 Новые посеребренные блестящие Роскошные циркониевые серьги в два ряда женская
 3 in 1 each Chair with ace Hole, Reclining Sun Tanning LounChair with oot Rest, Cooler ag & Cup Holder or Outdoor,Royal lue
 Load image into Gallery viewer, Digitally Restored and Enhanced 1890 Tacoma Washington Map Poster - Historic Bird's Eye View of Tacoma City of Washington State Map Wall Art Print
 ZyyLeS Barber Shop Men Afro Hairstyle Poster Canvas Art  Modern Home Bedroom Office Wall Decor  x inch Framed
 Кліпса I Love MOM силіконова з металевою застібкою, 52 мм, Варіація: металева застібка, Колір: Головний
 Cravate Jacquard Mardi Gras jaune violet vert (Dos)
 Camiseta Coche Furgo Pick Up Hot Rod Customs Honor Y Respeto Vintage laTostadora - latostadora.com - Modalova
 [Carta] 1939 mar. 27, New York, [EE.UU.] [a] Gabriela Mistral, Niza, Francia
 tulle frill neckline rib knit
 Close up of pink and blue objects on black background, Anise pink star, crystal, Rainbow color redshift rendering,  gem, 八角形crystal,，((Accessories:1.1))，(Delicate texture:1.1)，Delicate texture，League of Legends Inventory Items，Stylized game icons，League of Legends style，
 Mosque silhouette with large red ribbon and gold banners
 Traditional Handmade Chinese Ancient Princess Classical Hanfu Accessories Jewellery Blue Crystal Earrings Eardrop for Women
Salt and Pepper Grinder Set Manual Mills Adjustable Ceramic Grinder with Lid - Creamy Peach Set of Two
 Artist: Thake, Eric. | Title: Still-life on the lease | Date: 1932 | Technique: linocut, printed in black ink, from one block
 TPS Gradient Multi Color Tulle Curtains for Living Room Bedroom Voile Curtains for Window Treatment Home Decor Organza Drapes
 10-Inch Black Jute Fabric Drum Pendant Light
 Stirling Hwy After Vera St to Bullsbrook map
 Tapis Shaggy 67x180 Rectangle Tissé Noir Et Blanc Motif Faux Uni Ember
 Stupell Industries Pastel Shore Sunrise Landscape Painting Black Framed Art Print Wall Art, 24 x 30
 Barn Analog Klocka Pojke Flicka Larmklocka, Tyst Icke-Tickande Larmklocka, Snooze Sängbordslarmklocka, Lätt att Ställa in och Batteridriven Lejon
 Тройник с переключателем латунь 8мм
• • • • •
## WORK REQUIRED
Check each line above for the string "Decor", then copy the ones that have it.

## ANSWER TO THIS PROBLEM
 ZyyLeS Barber Shop Men Afro Hairstyle Poster Canvas Art  Modern Home Bedroom Office Wall Decor  x inch Framed
 TPS Gradient Multi Color Tulle Curtains for Living Room Bedroom Voile Curtains for Window Treatment Home Decor Organza Drapes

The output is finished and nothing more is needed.